This article was published 11/10/2023 (744 days ago), so information in it may no longer be current.
Winnipeg police have quietly removed some community patrols from high-crime neighbourhoods and reassigned them downtown as violence escalates in the city’s core.
The move will bolster police presence in the city’s economic heart, but is drawing criticism from advocates and officials elsewhere.
“We recognize and acknowledge that a healthy and vibrant downtown is important to our city both culturally and, frankly, economically,” Winnipeg Police Service Chief Danny Smyth said, announcing the decision at a Sept. 15 meeting with the Winnipeg Police Board.
MIKAELA MACKENZIE / WINNIPEG FREE PRESS
Some community patrols from high-crime neighbourhoods have been reassigned to downtown as violence escalates in the city’s core.
“There is a lot of concern about safety and a lot of concern about the perception of safety and public disorder.”
For the immediate future, officers within the police service’s community support unit will spend a portion of their shifts (roughly 50 per cent, a WPS spokesperson said Wednesday) engaging in daily foot patrols downtown.
The specialized officers typically work in various districts throughout the city, including in the North End and Point Douglas, where they act as community liaisons.
The reassignment could last for more than a year, while WPS works to hire and train 24 new officers in the core, Smyth said.
Point Douglas activist Sel Burrows described the unit as some of the “most effective” officers at police disposal, saying he fears their reducing operations will undo years of community bridge-building in other areas.
“They are totally wrong,” Burrows said of the decision. “I’ve been working in crime prevention in the inner city for 15 years, and the community support unit has been one of our major tools.”
The officers employ a proactive approach to policing, addressing community concerns about non-urgent criminal activity and engaging directly with residents.
Burrows noted the unit has been reassigned from his neighbourhood several times, including at least twice in the last six months and previously in 2017.
“For the inner city, it’s really easy to cut services,” he said, referring to all forms of supports, including recreational activities. “One of the reasons we have problems in the city is the unequal distribution of services.”
RUTH BONNEVILLE / WINNIPEG FREE PRESS FILES
“There is a lot of concern about safety and a lot of concern about the perception of safety and public disorder,” said Winnipeg Police Service Chief Danny Smyth.
Coun.
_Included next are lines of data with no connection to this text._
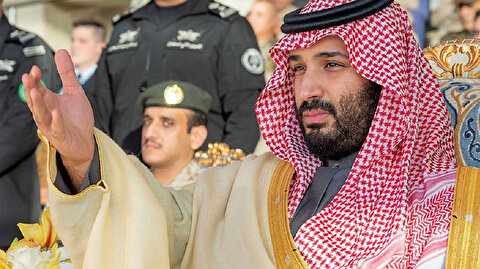 سر تغريدة الملك سلمان المحذوفة رسالة عاجلة من الكويت إلى ولي العهد السعودي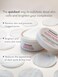 Sonage Glow To Go Glycolic Acid Peel Pads For Face &amp; Body, Professional Strength Exfoliation and Resurfacing AHA Pads That Helps Even Skin Tone, Pore Size, Brighten &amp; Smooths Complexion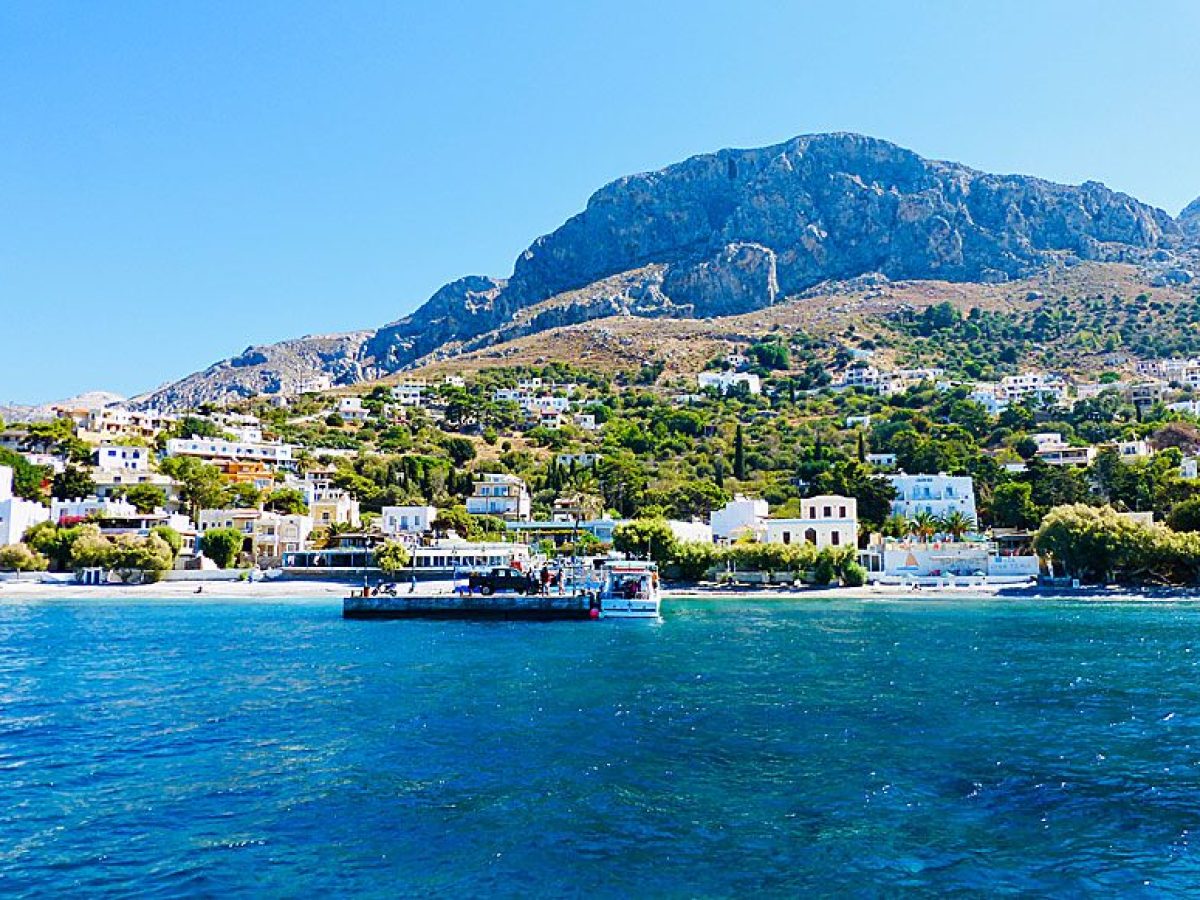 Την Πέμπτη 16 Απριλίου 2026, η δεύτερη φάση δωρεάν διανομής  1.250 κομποστοποιητών  στην Κάλυμνο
Ross Eadie echoed Burrows’ concerns, saying the move will exacerbate the already-significant crime and safety challenges in the North End.
Both men learned of the development Wednesday.
“We in the North End will once again be able to say that the city has decided that we’re not important enough. That’s what’s happening,” Eadie (Mynarski) told the Free Press. “Everybody will say, ‘Well, not true.’ Well, it is true. They are abandoning the North End.”
Coun. Markus Chambers, the police board chair, defended the move.
“The downtown for us is a critical piece for us in ensuring that residents are safe,” he said. “We can’t continue to not have the proper responses and supports in the downtown area.”
Winnipeg’s downtown has increasingly become the source of serious violent crimes, rife with stabbings, robbery and several slayings in recent months. WPS has identified five priority “hot spots” in an area that spans from the city centre to Polo Park — where the additional officers will be redeployed.
According to WPS data, the region logged 4,638 violent crimes between June 2022 and June 2023 — nearly doubling such crimes in every other area of the city during the same period.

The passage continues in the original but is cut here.